In the opening game against Vanderbilt, Arizona was outrebounded 33-22 overall and 11-4 on the offensive glass. This happened despite the fact that the Commodores did not start anyone over 5-foot-10 and the Wildcats have 6-foot-2 Reese and 6-foot-5 Lauren Ware in the post. The only starter under 5-foot-10 for Arizona is 5-foot-8 point guard Pellington.

The next day, it was DePaul winning the rebounding game 42-39 with an incredible 22 offensive boards to Arizona’s 10. In their defense, the Wildcats were dealing with 6-foot-1 Aneesha Morrow in this game. The Blue Demons’ freshman forward accounted for 16 of her team’s rebounds.

Only against Rutgers did Arizona win the rebounding battle, and even that was just a 31-28 edge. At least this time, the Wildcats were winners on the offensive end of the court with 12 offensive rebounds to the Scarlet Knights’ 7. The puzzler was that Rutgers had the tallest starting lineup that Arizona faced all week.

The last shot

At the end of the national title game in April, everyone knew that the shot to win the game would be taken by one player. If Arizona was going to win, Aari McDonald would win the game for them. On a positive note, the Wildcats have proven that the occasional Aari-watching they did the last few seasons at the end of games is something they can move beyond.

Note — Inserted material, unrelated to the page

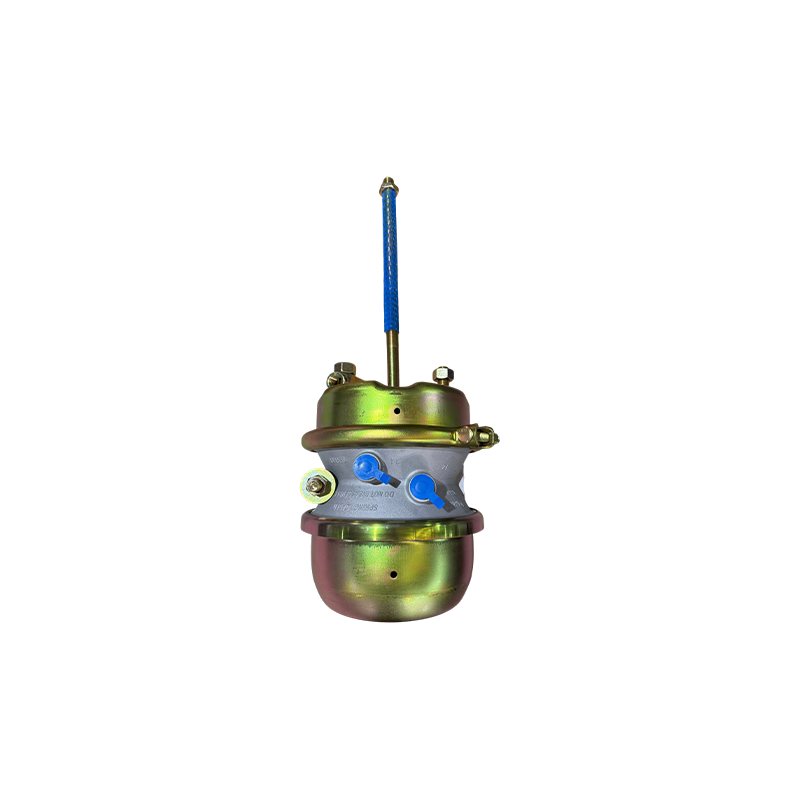 Камера Длинный ход со сварной скобой тормозной T3030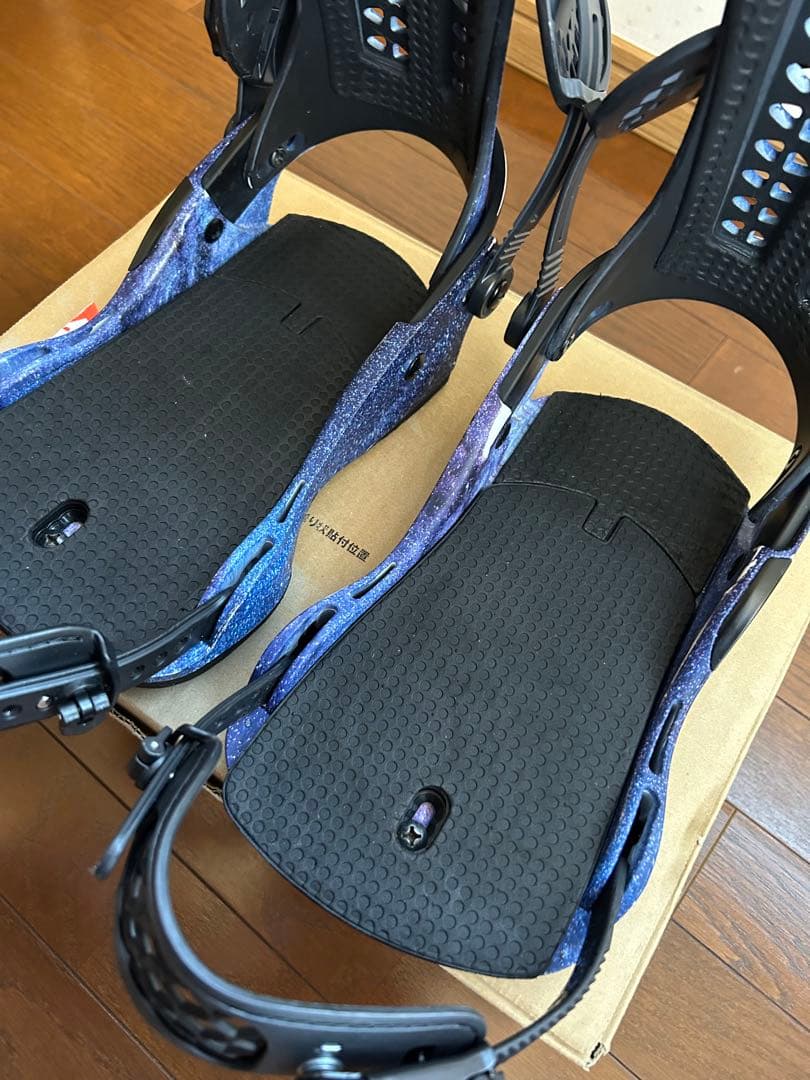 スノーボード 22-23 UNION FORCE Cosmos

In the Louisville game, it was Yeaney who made the big shots down the stretch to secure the victory. Against Vanderbilt, it was Pellington. Against DePaul, different players stepped up in different quarters.

“Everybody’s gonna have to step up,” Yeaney said after the DePaul win. “It’s gonna be different people every time. Every game is somebody different. Last night, Shaina, she won the game for us. Today it took everybody and I think that having a deep team like this is it helps us because three games in three days is really hard.”